Operations, Supply Chain & Logistics job market report cover, San Antonio-New Braunfels, TX, 2026-06

Is Operations, Supply Chain & Logistics a Good Job Market in San Antonio-New Braunfels, TX?

Produced by Callings.ai on July 10, 2026

Executive Verdict

Market rating: balanced | Confidence: High

This is a workable but selective market.
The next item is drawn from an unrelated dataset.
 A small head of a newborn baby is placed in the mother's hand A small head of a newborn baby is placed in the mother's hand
San Antonio-New Braunfels had a 4.1% unemployment rate in May 2026, slightly below Texas at 4.3%, and metro nonfarm employment stood at 1,195,500 jobs.[9][10][11] Local hiring volume is real, with more than 1,800 postings across more than 650 companies over the last 90 days, but the mix leans heavily toward on-site roles in retail, food & beverage, logistics, manufacturing, and transportation rather than remote corporate operations work.[12][2][3] Statewide direction is still supportive for this field: Revelio Public Labor Statistics shows Texas operations, supply chain & logistics employment up 1.5% year-over-year and active postings up 10.0% year-over-year in June 2026.[13][14]
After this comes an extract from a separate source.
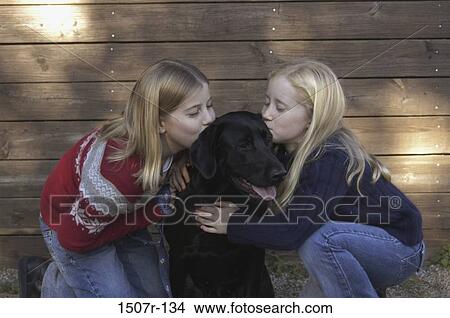 Picture - Two girls kissing a dog. Fotosearch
Best positioned: Candidates with on-site availability and proven skills in inventory management, safety, forklift work, routing, warehousing, or execution-focused operations have the best odds, especially with enterprise employers in retail and distribution-heavy sectors.[1][7][3][2]

Main caution: The biggest mistake is assuming operations means remote analyst work; about 95% of sampled local openings are on-site, and national evidence says entry-level white-collar hiring has tightened.[2][15]

What Changed Recently

What This Means for You

Entry-Level Candidates

Difficulty: Moderate for hands-on, on-site roles; harder for office-based analyst or planner starts.
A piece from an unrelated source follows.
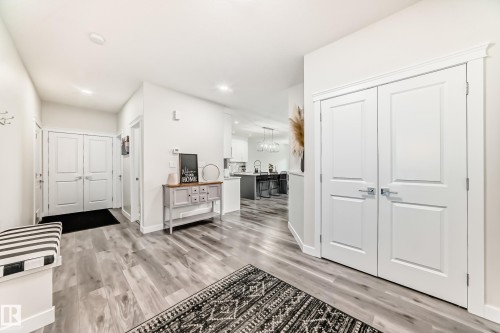 Entryway featuring wood-finish flooring, recessed lighting, and a white paneled double-door closet with chrome hardware - 589 Boulder Wynd, Leduc, AB - Indoor Photo Showing Other Room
Best target: Aim first at warehouse, inventory, logistics coordinator, route-support, receiving, replenishment, and buyer-support roles tied to retail, food & beverage, logistics, and transportation.[3][1]

Biggest mistake: Holding out for remote work or assuming a bachelor's degree alone will carry you; most local openings are on-site, and many postings that state education requirements ask for high school-level credentials rather than a degree.[2][6]

Next step: Rebuild your resume around inventory accuracy, safety, receiving, picking, replenishment, customer service, and time management, then add a short proof-of-work example such as a cycle-count fix, stocking workflow, or simple KPI tracker.[1]

Mid-Career Candidates

Difficulty: Moderate if you can show measurable execution gains, not just broad management language.

Best target: Target enterprise employers first, because about 50% of sampled local postings come from enterprise companies, especially in retail, distribution, manufacturing, and transportation.[7][3]

Biggest mistake: Leading with generic operations management instead of clear wins in inventory control, service levels, labor use, vendor performance, or compliance.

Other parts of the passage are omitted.